Department of Medicine, McMaster University, Hamilton, Canada.
J Med Ethics. 2016 Mar;42(3):180-5. doi: 10.1136/medethics-2015-102856. Epub 2015 Nov 30.
In a landmark 2013 decision, the Supreme Court of Canada (SCC) ruled that the withdrawal of life support in certain circumstances is a treatment requiring patient or substitute decision maker (SDM) consent. How intensive care unit (ICU) physicians perceive this ruling is unknown.
To determine physician knowledge of and attitudes towards the SCC decision, as well as the self-reported changes in practice attributed to the decision.
We surveyed intensivists at university hospitals across Canada. We used a knowledge test and Likert-scale questions to measure respondent knowledge of and attitudes towards the ruling. We used vignettes to assess decision making in cases of intractable physician-SDM conflict over the management of patients with very poor prognoses. We compared management choices pre-SCC decision versus post-SCC decision versus the subjective, respondent-defined most appropriate choice. Responses were compared across predefined subgroups. We performed qualitative analysis on free-text responses.

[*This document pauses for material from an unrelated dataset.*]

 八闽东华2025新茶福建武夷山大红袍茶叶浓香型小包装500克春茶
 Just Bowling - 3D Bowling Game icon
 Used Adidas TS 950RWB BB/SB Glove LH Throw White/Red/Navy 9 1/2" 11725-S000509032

We received 82 responses (response rate=42%). Respondents reported providing high levels of self-defined inappropriate treatment. Although most respondents reported no change in practice, there was a significant overall shift towards higher intensity and less subjectively appropriate management after the SCC decision. Attitudes to the SCC decision and approaches to disputes over end-of-life (EoL) care in the ICU were highly variable. There were no significant differences among predefined subgroups.

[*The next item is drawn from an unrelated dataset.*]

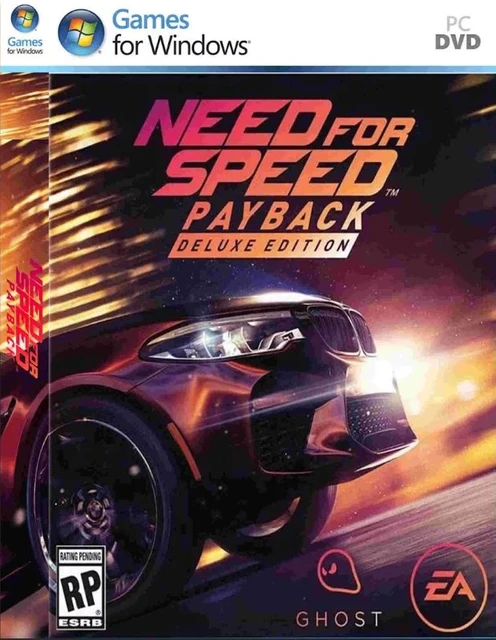 Vingança e velocidade em Need for Speed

Many Canadian ICU physicians report providing a higher intensity of treatment, and less subjectively appropriate treatment, in situations of dispute over EoL care after the Supreme Court of Canada's ruling in Cuthbertson versus Rasouli.
在2013年具有里程碑意义的一项裁决中,加拿大最高法院(SCC)判定,在某些情况下撤除生命维持治疗属于一种需要患者或替代决策者(SDM)同意的治疗方式。重症监护病房(ICU)医生如何看待这一裁决尚不清楚。

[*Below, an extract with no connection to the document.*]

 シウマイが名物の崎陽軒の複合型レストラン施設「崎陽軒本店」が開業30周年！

确定医生对加拿大最高法院裁决的了解程度和态度,以及他们自我报告的因该裁决而在实践中发生的变化。
我们对加拿大各大学医院的重症监护医生进行了调查。我们使用知识测试和李克特量表问题来衡量受访者对该裁决的了解程度和态度。我们使用案例 vignettes 来评估在对预后极差的患者管理方面医生与替代决策者之间存在棘手冲突的情况下的决策制定。我们比较了加拿大最高法院裁决前、裁决后的管理选择以及受访者主观定义的最合适选择。我们在预先定义的亚组之间比较了回答。我们对自由文本回答进行了定性分析。
我们收到了82份回复(回复率 = 42%)。受访者报告提供了高水平的自我定义的不适当治疗。尽管大多数受访者报告实践中没有变化,但在加拿大最高法院裁决后,总体上有显著转变,朝着更高强度且主观上不太合适的管理方向发展。对加拿大最高法院裁决的态度以及ICU中关于临终(EoL)护理纠纷的处理方法差异很大。预先定义的亚组之间没有显著差异。
许多加拿大ICU医生报告称,在加拿大最高法院对卡斯伯特森诉拉苏利案做出裁决后,在临终护理纠纷的情况下,他们提供了更高强度的治疗,且主观上不太合适的治疗。